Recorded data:
****
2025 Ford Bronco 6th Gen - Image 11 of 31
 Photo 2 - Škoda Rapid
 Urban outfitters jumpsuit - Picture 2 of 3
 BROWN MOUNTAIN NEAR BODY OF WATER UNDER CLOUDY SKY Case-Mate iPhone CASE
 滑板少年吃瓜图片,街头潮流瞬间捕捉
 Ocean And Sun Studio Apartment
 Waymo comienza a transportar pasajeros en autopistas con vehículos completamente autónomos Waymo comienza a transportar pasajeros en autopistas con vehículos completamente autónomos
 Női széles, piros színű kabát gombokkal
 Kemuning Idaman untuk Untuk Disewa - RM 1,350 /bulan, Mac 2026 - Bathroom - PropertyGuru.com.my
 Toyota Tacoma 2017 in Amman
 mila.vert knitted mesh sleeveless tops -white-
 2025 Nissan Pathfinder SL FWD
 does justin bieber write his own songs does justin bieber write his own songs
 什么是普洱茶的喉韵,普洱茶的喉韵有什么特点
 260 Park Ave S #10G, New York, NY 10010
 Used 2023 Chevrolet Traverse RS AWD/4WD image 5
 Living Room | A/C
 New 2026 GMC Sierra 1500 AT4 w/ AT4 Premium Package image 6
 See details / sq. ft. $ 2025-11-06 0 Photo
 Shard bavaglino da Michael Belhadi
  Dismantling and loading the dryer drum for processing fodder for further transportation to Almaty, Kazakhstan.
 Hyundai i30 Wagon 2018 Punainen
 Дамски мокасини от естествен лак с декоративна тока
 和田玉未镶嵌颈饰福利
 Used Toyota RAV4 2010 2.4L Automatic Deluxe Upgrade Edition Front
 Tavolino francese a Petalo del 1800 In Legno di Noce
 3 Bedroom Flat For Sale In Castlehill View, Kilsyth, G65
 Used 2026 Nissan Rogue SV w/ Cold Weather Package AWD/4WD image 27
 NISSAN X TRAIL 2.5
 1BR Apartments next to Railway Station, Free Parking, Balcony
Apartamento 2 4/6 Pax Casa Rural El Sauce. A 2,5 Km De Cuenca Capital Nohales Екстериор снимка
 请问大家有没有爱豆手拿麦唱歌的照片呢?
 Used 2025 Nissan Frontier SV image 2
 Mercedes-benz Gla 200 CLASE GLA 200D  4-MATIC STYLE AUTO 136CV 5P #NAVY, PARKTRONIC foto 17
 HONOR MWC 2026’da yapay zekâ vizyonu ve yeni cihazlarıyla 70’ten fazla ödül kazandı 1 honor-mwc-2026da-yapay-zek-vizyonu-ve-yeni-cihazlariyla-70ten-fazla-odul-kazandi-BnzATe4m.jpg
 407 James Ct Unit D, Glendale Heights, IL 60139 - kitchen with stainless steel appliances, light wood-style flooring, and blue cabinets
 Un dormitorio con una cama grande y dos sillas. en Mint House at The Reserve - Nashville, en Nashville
****
### INSTRUCTIONS FOR THE TASK:
Give back all of the entries exactly as written.

### TASK RESPONSE:
2025 Ford Bronco 6th Gen - Image 11 of 31
 Photo 2 - Škoda Rapid
 Urban outfitters jumpsuit - Picture 2 of 3
 BROWN MOUNTAIN NEAR BODY OF WATER UNDER CLOUDY SKY Case-Mate iPhone CASE
 滑板少年吃瓜图片,街头潮流瞬间捕捉
 Ocean And Sun Studio Apartment
 Waymo comienza a transportar pasajeros en autopistas con vehículos completamente autónomos Waymo comienza a transportar pasajeros en autopistas con vehículos completamente autónomos
 Női széles, piros színű kabát gombokkal
 Kemuning Idaman untuk Untuk Disewa - RM 1,350 /bulan, Mac 2026 - Bathroom - PropertyGuru.com.my
 Toyota Tacoma 2017 in Amman
 mila.vert knitted mesh sleeveless tops -white-
 2025 Nissan Pathfinder SL FWD
 does justin bieber write his own songs does justin bieber write his own songs
 什么是普洱茶的喉韵,普洱茶的喉韵有什么特点
 260 Park Ave S #10G, New York, NY 10010
 Used 2023 Chevrolet Traverse RS AWD/4WD image 5
 Living Room | A/C
 New 2026 GMC Sierra 1500 AT4 w/ AT4 Premium Package image 6
 See details / sq. ft. $ 2025-11-06 0 Photo
 Shard bavaglino da Michael Belhadi
  Dismantling and loading the dryer drum for processing fodder for further transportation to Almaty, Kazakhstan.
 Hyundai i30 Wagon 2018 Punainen
 Дамски мокасини от естествен лак с декоративна тока
 和田玉未镶嵌颈饰福利
 Used Toyota RAV4 2010 2.4L Automatic Deluxe Upgrade Edition Front
 Tavolino francese a Petalo del 1800 In Legno di Noce
 3 Bedroom Flat For Sale In Castlehill View, Kilsyth, G65
 Used 2026 Nissan Rogue SV w/ Cold Weather Package AWD/4WD image 27
 NISSAN X TRAIL 2.5
 1BR Apartments next to Railway Station, Free Parking, Balcony
Apartamento 2 4/6 Pax Casa Rural El Sauce. A 2,5 Km De Cuenca Capital Nohales Екстериор снимка
 请问大家有没有爱豆手拿麦唱歌的照片呢?
 Used 2025 Nissan Frontier SV image 2
 Mercedes-benz Gla 200 CLASE GLA 200D  4-MATIC STYLE AUTO 136CV 5P #NAVY, PARKTRONIC foto 17
 HONOR MWC 2026’da yapay zekâ vizyonu ve yeni cihazlarıyla 70’ten fazla ödül kazandı 1 honor-mwc-2026da-yapay-zek-vizyonu-ve-yeni-cihazlariyla-70ten-fazla-odul-kazandi-BnzATe4m.jpg
 407 James Ct Unit D, Glendale Heights, IL 60139 - kitchen with stainless steel appliances, light wood-style flooring, and blue cabinets
 Un dormitorio con una cama grande y dos sillas. en Mint House at The Reserve - Nashville, en Nashville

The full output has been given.